Answer
The general term is ${a_n} = \left( {\sqrt {n + 1} - \sqrt {n + 2} } \right)$.
The sequence converges.
The limit of the sequence:
$\mathop {\lim }\limits_{n \to \infty } \left( {\sqrt {n + 1} - \sqrt {n + 2} } \right) = 0$
Work Step by Step
1. Starting with $n=1$, the general term is
${a_n} = \left( {\sqrt {n + 1} - \sqrt {n + 2} } \right)$
2. Replacing $n$ by $x$, write $f\left( x \right) = \left( {\sqrt {x + 1} - \sqrt {x + 2} } \right)$.
For large $x$, we have $\sqrt {x + 1} \approx \sqrt{x}$ and $\sqrt {x + 2} \approx \sqrt{x}$. Thus, $f\left( x \right) \to 0$ as $x \to \infty $. So, $f\left( x \right)$ converges.
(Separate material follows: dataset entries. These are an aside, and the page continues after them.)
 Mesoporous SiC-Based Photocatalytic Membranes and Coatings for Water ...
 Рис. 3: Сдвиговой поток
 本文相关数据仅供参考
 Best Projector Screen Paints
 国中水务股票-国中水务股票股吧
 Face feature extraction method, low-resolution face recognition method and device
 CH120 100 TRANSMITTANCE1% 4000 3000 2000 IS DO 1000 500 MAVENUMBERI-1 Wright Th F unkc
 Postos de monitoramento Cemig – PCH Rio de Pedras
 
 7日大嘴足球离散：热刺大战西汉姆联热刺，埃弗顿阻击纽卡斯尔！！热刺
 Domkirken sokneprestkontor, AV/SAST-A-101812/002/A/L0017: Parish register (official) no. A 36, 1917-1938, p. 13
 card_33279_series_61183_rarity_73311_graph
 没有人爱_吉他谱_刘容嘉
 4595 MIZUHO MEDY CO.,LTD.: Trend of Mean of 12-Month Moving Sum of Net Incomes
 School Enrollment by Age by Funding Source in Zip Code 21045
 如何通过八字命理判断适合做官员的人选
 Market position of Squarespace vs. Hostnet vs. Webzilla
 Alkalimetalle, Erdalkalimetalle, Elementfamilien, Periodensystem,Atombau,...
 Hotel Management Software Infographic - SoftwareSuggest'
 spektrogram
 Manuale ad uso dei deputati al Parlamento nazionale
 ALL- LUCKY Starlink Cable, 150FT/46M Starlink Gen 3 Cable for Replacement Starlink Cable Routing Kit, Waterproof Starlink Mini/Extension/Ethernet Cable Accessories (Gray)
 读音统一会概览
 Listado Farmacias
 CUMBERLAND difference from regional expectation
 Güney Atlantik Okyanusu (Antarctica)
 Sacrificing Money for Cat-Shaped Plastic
Therefore, the sequence also converges.
Now, we find the limit of the sequence:
$\mathop {\lim }\limits_{n \to \infty } {a_n} = \mathop {\lim }\limits_{n \to \infty } \left( {\sqrt {n + 1} - \sqrt {n + 2} } \right)$
$ = \mathop {\lim }\limits_{n \to \infty } \left( {\sqrt {n + 1} - \sqrt {n + 2} } \right)\dfrac{{\left( {\sqrt {n + 1} + \sqrt {n + 2} } \right)}}{{\left( {\sqrt {n + 1} + \sqrt {n + 2} } \right)}}$
$ = \mathop {\lim }\limits_{n \to \infty } \dfrac{{n + 1 - \left( {n + 2} \right)}}{{\sqrt {n + 1} + \sqrt {n + 2} }} = \mathop {\lim }\limits_{n \to \infty } \dfrac{{ - 1}}{{\sqrt {n + 1} + \sqrt {n + 2} }} = 0$
Thus, the sequence converges and its limit is $0$.